The task >> The listing needs restating word for word.

### Information supplied ###

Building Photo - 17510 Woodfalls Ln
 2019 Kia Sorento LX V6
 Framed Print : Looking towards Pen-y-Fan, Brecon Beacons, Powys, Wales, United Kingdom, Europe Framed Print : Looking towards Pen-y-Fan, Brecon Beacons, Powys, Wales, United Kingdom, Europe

###

Task solution >>
Building Photo - 17510 Woodfalls Ln
 2019 Kia Sorento LX V6
 Framed Print : Looking towards Pen-y-Fan, Brecon Beacons, Powys, Wales, United Kingdom, Europe Framed Print : Looking towards Pen-y-Fan, Brecon Beacons, Powys, Wales, United Kingdom, Europe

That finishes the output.